Bokaal op houten voet met Amsterdams stadsgezicht
In de 18e eeuw nam de belangstelling voor diamantgegraveerde glazen af ten gunste van radgegraveerde en geslepen glazen. De techniek is heel anders dan die van de diamantgravure; door met een diamant in een graveerstift op glas te krassen, ontstaat contrast tussen licht (gekraste delen) en donker (gladde delen). Bij de radgravure wordt de tekening aangebracht door het glas te drukken tegen snel roterende radertjes, die met de voet in beweging worden gebracht. Men heeft het glas hierbij met beide handen vast. Bij deze techniek is het mogelijk verschillende dieptes in te slijpen en te variëren met een keuze aan wieltjes. Ook kan men het mat geslepen oppervlak weer gedeeltelijk glad polijsten. Letters worden meestal in hoofdletters uitgevoerd. De techniek werd rond het midden van de 17e eeuw vanuit Neurenberg naar de Nederlanden overgebracht. Vooral in de 18e eeuw was het zeer populair.

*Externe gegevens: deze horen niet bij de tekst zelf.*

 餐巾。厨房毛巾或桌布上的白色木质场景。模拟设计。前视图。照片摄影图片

Meestal werd hierbij gebruik gemaakt van geïmporteerde Engelse kelken van sprankelend helder loodglas of Duitse glazen van krijtglas.

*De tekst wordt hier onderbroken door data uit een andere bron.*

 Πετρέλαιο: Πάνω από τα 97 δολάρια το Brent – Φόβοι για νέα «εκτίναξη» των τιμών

De voorstellingen variëren van vriendschaps- en huwelijksglazen tot glazen met betrekking tot de kraamtijd. Ook is er een grote groep glazen bewaard gebleven die de Nederlandse economie tot onderwerp heeft. Gilden en andere gezelschappen hadden vaak hun eigen glazen met relevante voorstellingen. Tevens zijn er glazen met onder meer radgravures van wapens, stadsgezichten, buitenplaatsen, de seizoenen, handel en visserij. Bij alle mogelijke gelegenheden kon met toepasselijke glazen een dronk worden uitgebracht.